Senate Democrats’ Filibuster Hypocrisy


Senate Majority Leader Chuck Schumer (D., N.Y.) speaks to the media on Capitol Hill in Washington, D.C., June 22, 2021. (Joshua Roberts/Reuters)
In 2017, most Senate Democrats signed a letter supporting the filibuster. Their explanations for flip-flopping don’t withstand scrutiny.

NRPLUS MEMBER ARTICLEOn Tuesday, Senate Republicans used the filibuster to block legislation for the third time during the 117th Congress. As the motion to proceed to debate S. 1, a bill to federalize elections, failed on a 50–50 party-line vote, many Senate Democrats renewed their calls to scrap the 60-vote threshold required for most legislation.

Democratic senator Richard Blumenthal said Majority Leader Chuck Schumer should go ahead and hold a vote to eliminate the 60-vote rule even though he doesn’t have the votes to pass it.

“I would vote in favor of debating it, and then I’d vote in favor of abolishing the filibuster,” Blumenthal told National Review. “In 2011, I think it was one of my very first votes . . . was to abolish the filibuster.”

Consistency on the filibuster makes Blumenthal somewhat unusual inside the Democratic caucus.

In April of 2017, 61 senators signed a letter urging the Senate leadership to preserve the 60-vote rule for legislation. “We are writing to urge you to support our efforts to preserve existing rules, practices, and traditions as they pertain to the right of Members to engage in extended debate on legislation before the United States Senate,” the 61 senators wrote to then-Majority Leader McConnell and then-Minority Leader Schumer.


Thirty-one of the 61 signatories were Democrats, but most of those Democrats now support getting rid of the filibuster.

In the Senate this week, National Review asked several filibuster flip-floppers why they changed their positions. None of the explanations made much sense.

Democratic senator Ed Markey of Massachusetts, a signatory of the pro-filibuster letter, said Donald Trump changed his view. “I would say Donald Trump and a complete takeover of the Republican Party by right-wing ideology that is making it impossible for us to work on the biggest issues that are confronting our country,” Markey told National Review.

Markey, of course, signed a letter in support of the filibuster three months into Donald Trump’s term as president.

Senator Mazie Hirono of Hawaii, another signatory of the 2017 pro-filibuster letter, told NR she changed her view because of the “reality” that “we never really got to use the filibuster for the last four years that Mitch McConell ran the Senate.”

In fact, Democrats used it on multiple occasions. In 2020 alone, Senate Democrats used the filibuster to block legislation on COVID relief, police reform, banning most abortions after the fifth month of pregnancy, and protecting infants who survived attempted abortions.
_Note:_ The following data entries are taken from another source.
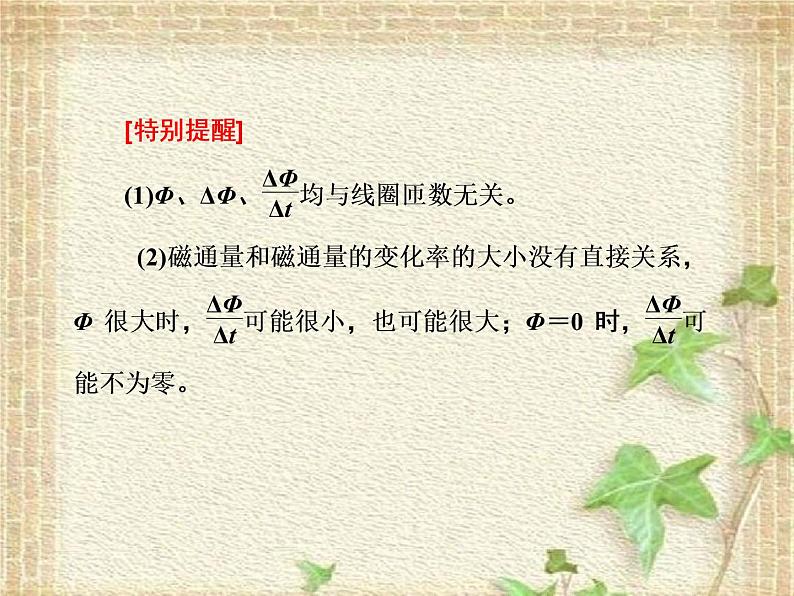 2022-2023年人教版(2019)新教材高中物理选择性必修2 第2章电磁感应第2节法拉第电磁感应定律(9)课件第6页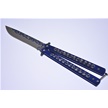 CCN-070751 - Blue Skull Butterfly Knife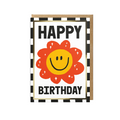'Smiling Flower' Birthday Card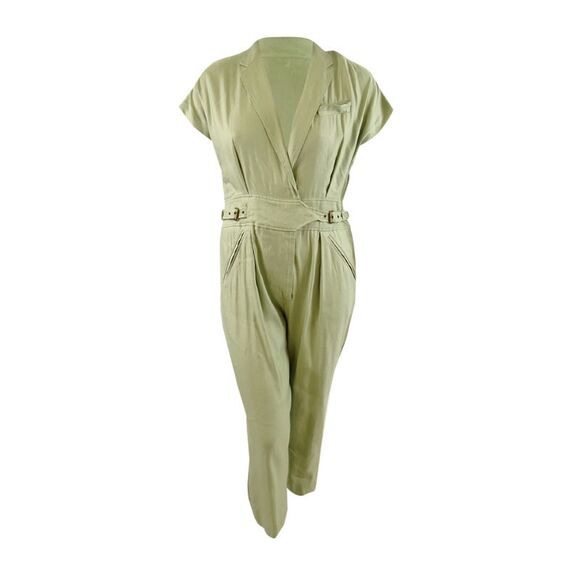 Lauren Ralph Lauren Women's Linen-Blend Jumpsuit (16, Ranch Sage) - Picture 1 of 3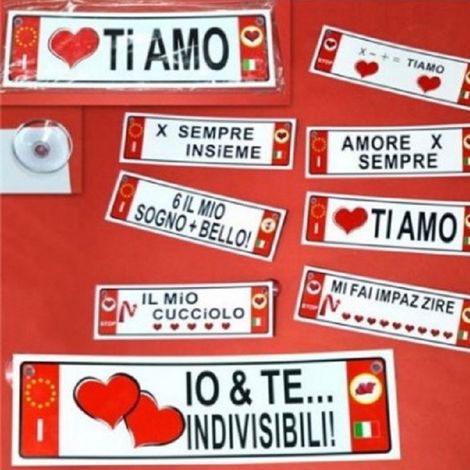Trade Shop - TARGA TARGHETTA IDEA REGALO SAN VALENTINO MODELLE - (1/4)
Other bills that were sure to be filibustered never made it to the floor.

Senator Brian Schatz of Hawaii said the “relentless, unending, determined, unbreakable Republican obstruction” changed his view on the filibuster. Sherrod Brown of Ohio said: “We never saw the kind of obstruction we’ve seen.”

But the Senate made it all the way until the May 28 vote on the January 6 commission without a filibuster, and that remains the only bill that had the support of a majority of senators that was killed by the filibuster. S. 1 failed on a 50–50 tie, and the motion to advance the Paycheck Fairness Act only got 49 Democratic votes due to the absence of one Democratic senator.

Virginia senator Tim Kaine said he flipped on the filibuster because of January 6: Right now, he only supports a carve-out from the 60-vote rule for voting rights, and he hasn’t said whether he wants to eliminate it for all legislation. “On voting rights, January 6 changed my views [on the filibuster],” Kaine said. “You would think, the Capitol under attack, Congress would want to engage in some self-defense, but if one party doesn’t want to, we’re the ones that have to. The burden of history is on our shoulders, at a minimum, to protect people’s rights to vote.”

Kaine’s explanation for flipping has more surface-level plausibility than explanations of his colleagues, but dig an inch deep, and you are reminded that S. 1 doesn’t actually do anything to address Electoral Count Act, the 1887 law under which electoral votes may be rejected by Congress.

Kaine’s position on the filibuster has been situational in the past: He supported nuking the filibuster for Supreme Court nominees in 2016 when it looked like Democrats were going to take the White House and then claimed in 2017 Democrats would have allowed a Senate GOP minority to indefinitely block a Supreme Court nominee when he filibustered the nomination of Neil Gorsuch.

Political hypocrisy, especially on matters of process, is not shocking inside the Capitol. But it is remarkable that the general tone of mainstream-media coverage has been to put pressure on Kyrsten Sinema of Arizona and Joe Manchin of West Virginia — the two senators keeping their pledges to voters about keeping the filibuster — rather than the many senators who have flip-flopped for reasons of political expediency.